Just a new DB error

JWvdV · May 8, 2024, 6:44am

Today, my node turned out not to work anymore after restart. Log is showing this:

2024-05-08T06:56:21Z    INFO    db.migration.26 Add Trash column to pieceExpirationDB            {"Process": "storagenode"}
2024-05-08T06:56:21Z    ERROR   failure during run      {"Process": "storagenode", "error": "Error migrating tables for database on storagenode: migrate: v26: duplicate column name: trash\n\tstorj.io/storj/private/migrate.(*Migration).Run:212\n\tstorj.io/storj/storagenode/storagenodedb.(*DB).MigrateToLatest:387\n\tmain.cmdRun:98\n\tmain.newRunCmd.func1:33\n\tstorj.io/common/process.cleanup.func1.4:393\n\tstorj.io/common/process.cleanup.func1:411\n\tgithub.com/spf13/cobra.(*Command).execute:983\n\tgithub.com/spf13/cobra.(*Command).ExecuteC:1115\n\tgithub.com/spf13/cobra.(*Command).Execute:1039\n\tstorj.io/common/process.ExecWithCustomOptions:112\n\tmain.main:34\n\truntime.main:267", "errorVerbose": "Error migrating tables for database on storagenode: migrate: v26: duplicate column name: trash\n\tstorj.io/storj/private/migrate.(*Migration).Run:212\n\tstorj.io/storj/storagenode/storagenodedb.(*DB).MigrateToLatest:387\n\tmain.cmdRun:98\n\tmain.newRunCmd.func1:33\n\tstorj.io/common/process.cleanup.func1.4:393\n\tstorj.io/common/process.cleanup.func1:411\n\tgithub.com/spf13/cobra.(*Command).execute:983\n\tgithub.com/spf13/cobra.(*Command).ExecuteC:1115\n\tgithub.com/spf13/cobra.(*Command).Execute:1039\n\tstorj.io/common/process.ExecWithCustomOptions:112\n\tmain.main:34\n\truntime.main:267\n\tmain.cmdRun:100\n\tmain.newRunCmd.func1:33\n\tstorj.io/common/process.cleanup.func1.4:393\n\tstorj.io/common/process.cleanup.func1:411\n\tgithub.com/spf13/cobra.(*Command).execute:983\n\tgithub.com/spf13/cobra.(*Command).ExecuteC:1115\n\tgithub.com/spf13/cobra.(*Command).Execute:1039\n\tstorj.io/common/process.ExecWithCustomOptions:112\n\tmain.main:34\n\truntime.main:267"}
Error: Error migrating tables for database on storagenode: migrate: v26: duplicate column name: trash
        storj.io/storj/private/migrate.(*Migration).Run:212
        storj.io/storj/storagenode/storagenodedb.(*DB).MigrateToLatest:387
        main.cmdRun:98
        main.newRunCmd.func1:33
        storj.io/common/process.cleanup.func1.4:393
        storj.io/common/process.cleanup.func1:411
        github.com/spf13/cobra.(*Command).execute:983
        github.com/spf13/cobra.(*Command).ExecuteC:1115
        github.com/spf13/cobra.(*Command).Execute:1039
        storj.io/common/process.ExecWithCustomOptions:112
        main.main:34
        runtime.main:267
2024-05-08 06:56:21,181 INFO exited: storagenode (exit status 1; not expected)

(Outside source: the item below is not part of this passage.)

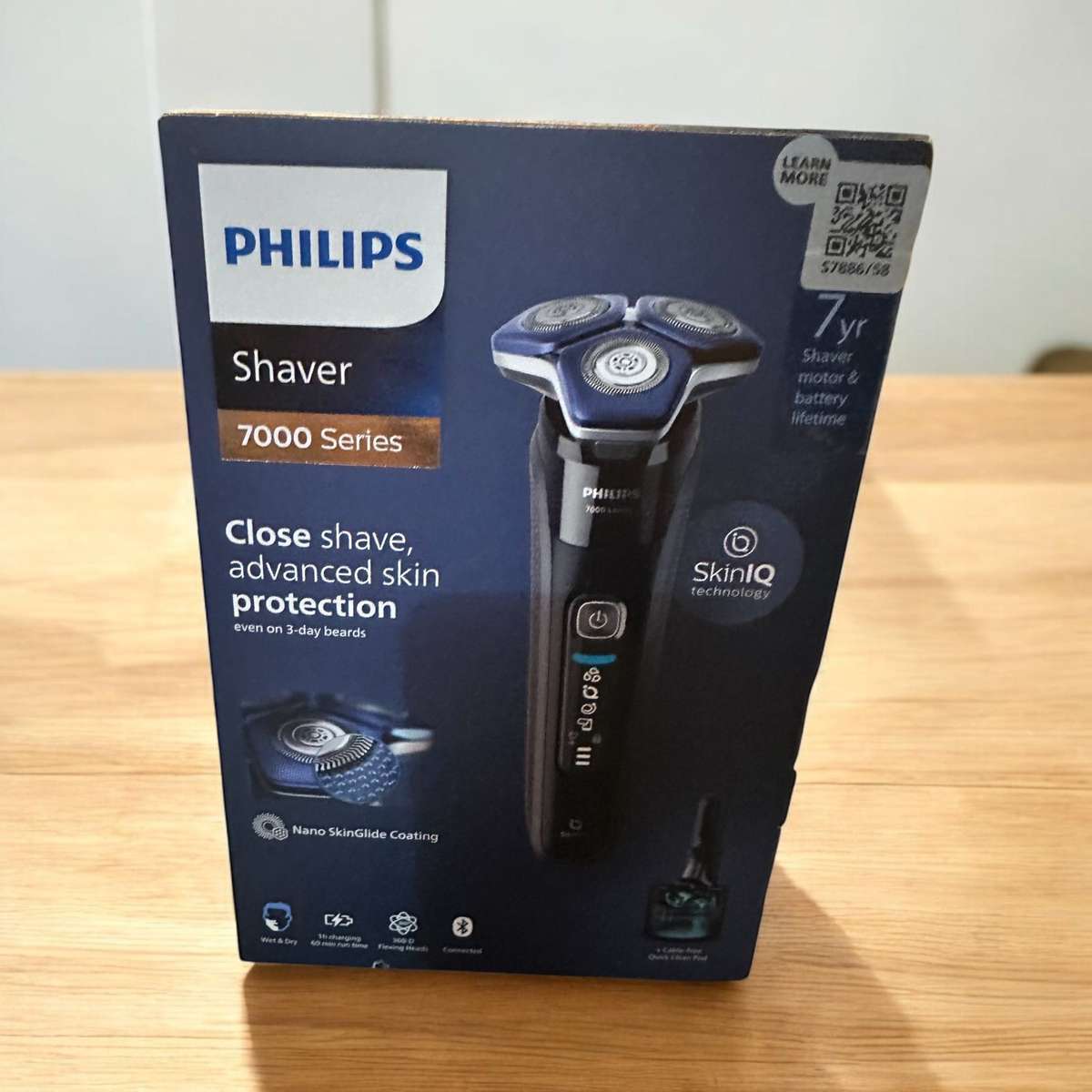 Philips S7886 Series 7000 Shaver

This error is as far I can see, is more prevalent lately and seems to happen after recurrent upgrade (I use docker, before this happened the docket container was removed and restarted in an older version) > log also shows a trial of addition of the column.

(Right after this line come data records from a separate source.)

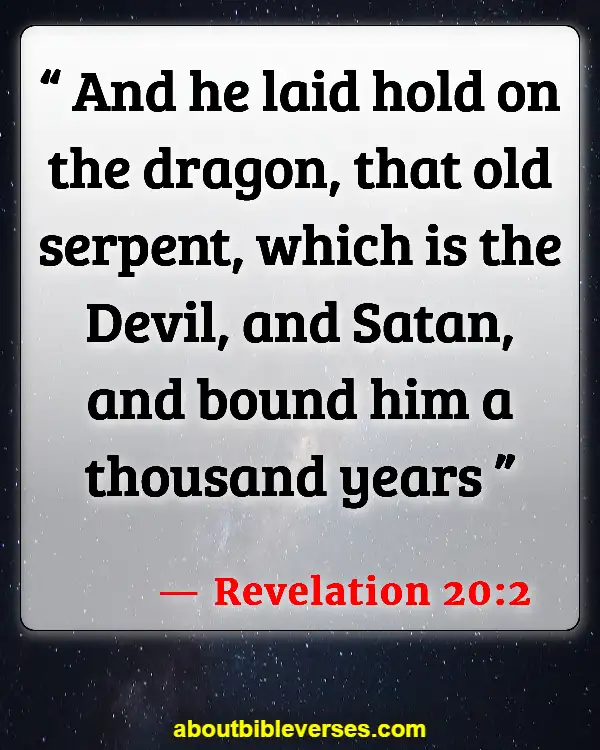 [Best] Más de 30 versículos bíblicos sobre la caída de Satanás del cielo
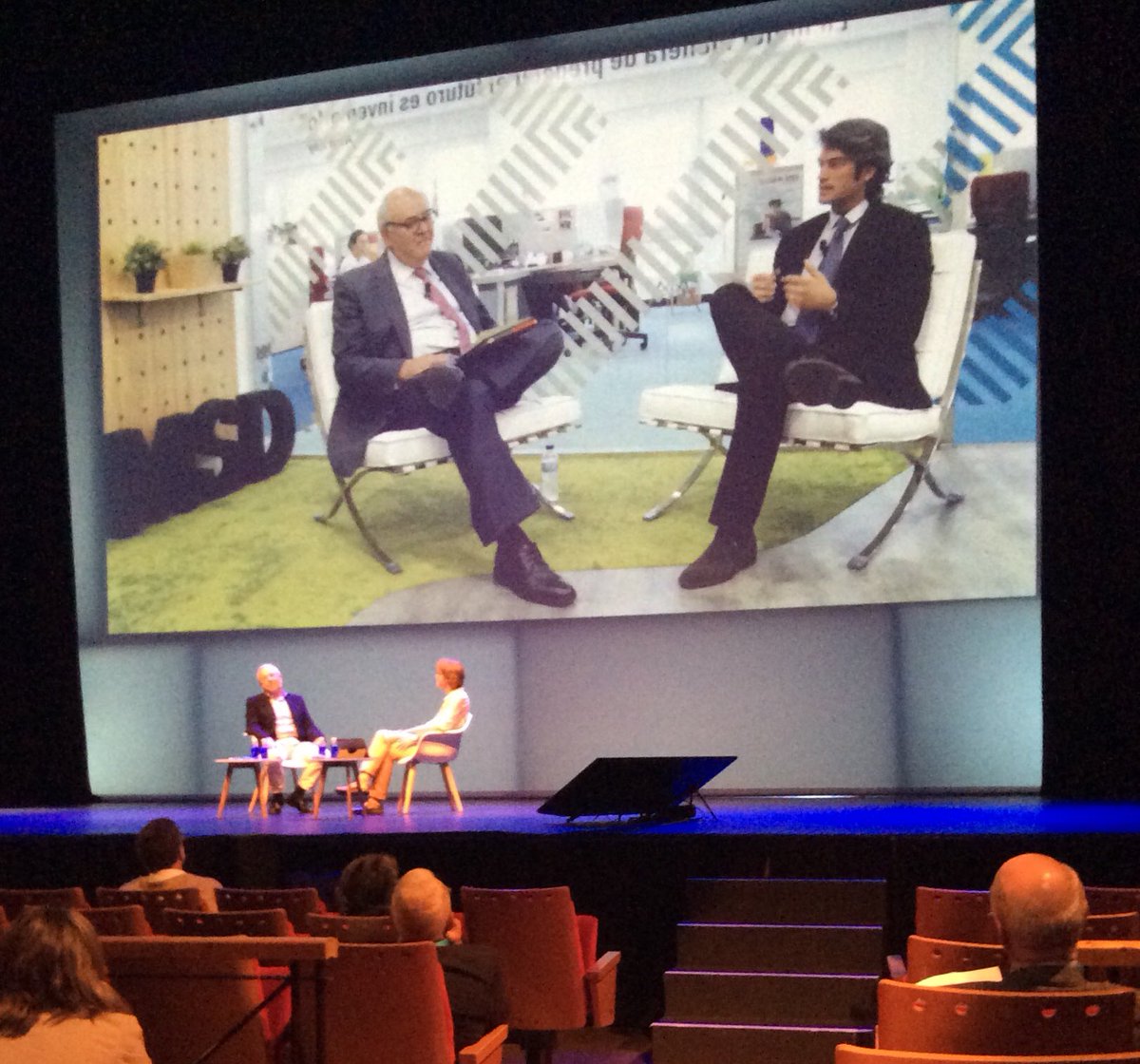 burbujadrocio's tweet image. #JNS18 Compartiendo el Liderazgo Sanitario con @SEDISA_NET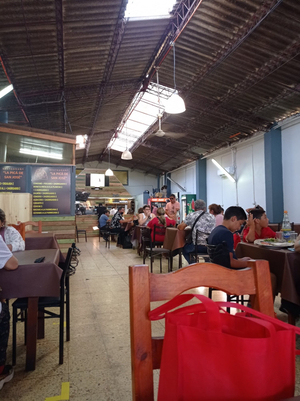 Mercado San Jose
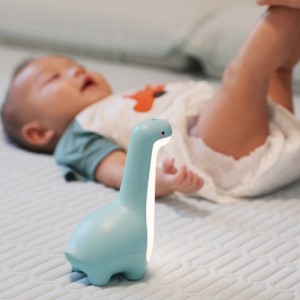 چراغ خواب رومیزی فانتزی شارژی طرح دایناسور مدل BDNL19
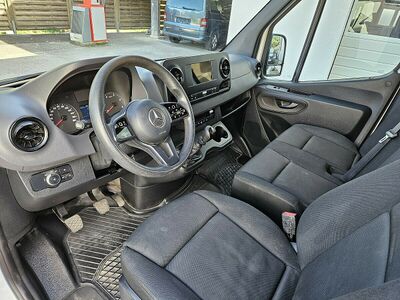 Mercedes-Benz Sprinter Gebrauchtwagen Mercedes-Benz Sprinter Gebrauchtwagen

Interestingly, the database file itself doesn’t seems to be corrupted:

root@STORJ4:/storj/DBs# sqlite3 "piece_expiration.db" 'PRAGMA integrity_check;'
ok

So, this seems to be a bug: it tries to migrate an already migrated DB.

Version:

2024-05-08T06:56:12Z    INFO    Current binary version  {"Process": "storagenode-updater", "Service": "storagenode", "Version": "v1.102.3"}
2024-05-08T06:56:12Z    INFO    Version is up to date   {"Process": "storagenode-updater", "Service": "storagenode"}
2024-05-08T06:56:12Z    INFO    Current binary version  {"Process": "storagenode-updater", "Service": "storagenode-updater", "Version": "v1.102.3"}
2024-05-08T06:56:12Z    INFO    Version is up to date   {"Process": "storagenode-updater", "Service": "storagenode-updater"}

Besides, couldn’t there an option implemented, like: storage.recreateDBOnFailure?

Furthermore, it would be helpful if the reported error mentioned the database which the error pertains to. I now had to read up the log (these rules are extracted from a bigger log): the error is mentioned three times, but the actual filename I had to recover from an INFO-line.

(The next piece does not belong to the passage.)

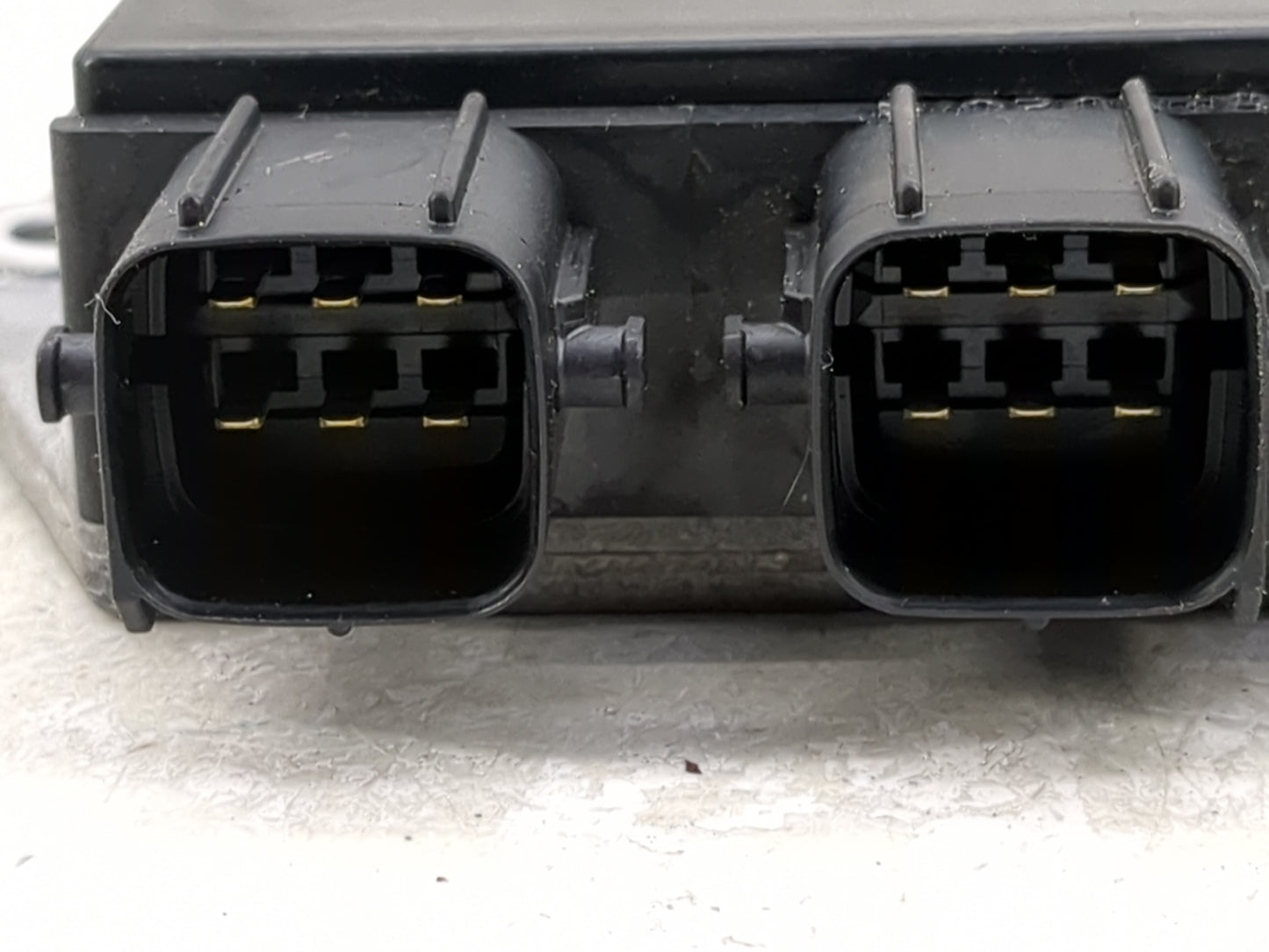 2019 Acura Tlx PCM Engine Control Computer ECU ECM PCU OEM P/N:37815-R9P-A01 131000-1740 Fits OEM Used Auto Parts - Oemuseda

Knowledge · May 8, 2024, 1:33pm

I’ve asked ths team to take a look.

nerdatwork · May 8, 2024, 2:01pm

What were the versions before and after downgrade ?

ifraixedes · May 8, 2024, 3:40pm

Why did you downgrade?

JWvdV · May 8, 2024, 4:15pm

It was the latest docker package, dating back from 3 months ago. I believe version 1.99.3. Don’t know why it isn’t keeping up with the stable version.

JWvdV · May 8, 2024, 4:18pm

I didn’t on purpose downgrade.
But my node failed for unknown reason twice, without log reports. Therefore I decided to remove the docker, so it’s being reset to the latest image which I believe still has version 1.99.3.

BrightSilence · May 8, 2024, 4:58pm

With due respect. You downgraded docker nodes. When the minimum version wasn’t changed for the new rollout, anyone restarting their docker node was rolled back if it wasn’t their turn for the new version yet.

I warned about this in another topic. But in this case it’s not the node operators fault.

Edit: Found the post. See this one and the one 2 below it.

JWvdV · May 8, 2024, 5:39pm

Exactly what has happened here, so the docker images should contain the most recent stable version in my opinion.

Interesting topic BTW, describes exactly the behaviour. Also the fact you’re being downloaded automatically as soon as you remove your docker instance and restart with a clean one: it loses all intercurrent upgrades.

BrightSilence · May 8, 2024, 5:55pm

The images don’t contain any version. Just a script that fetches the latest updater version and then the updater downloads the latest node version. This is necessary for Storj to be able to manage gradual update rollouts. It’s not a problem in itself, they just need to be careful with updating the minimum version before rolling out a new update. Or leave the cursor and seed untouched when switching versions partway through a rollout.

As mentioned in the other topic. I think this was a mistake.

That said, version 26 of the database was added 5 years ago. So something else is going on on your node that makes it want to redo really old database migration steps.

BrightSilence · May 8, 2024, 6:04pm

Could you run?

sqlite3 "piece_expiration.db" 'SELECT * FROM versions;'

To see what version it lists?

JWvdV · May 8, 2024, 7:22pm

Can’t anymore, I removed the databases and restarted the nodes. So it works again.
But those databases remain a pain in the ass now and then.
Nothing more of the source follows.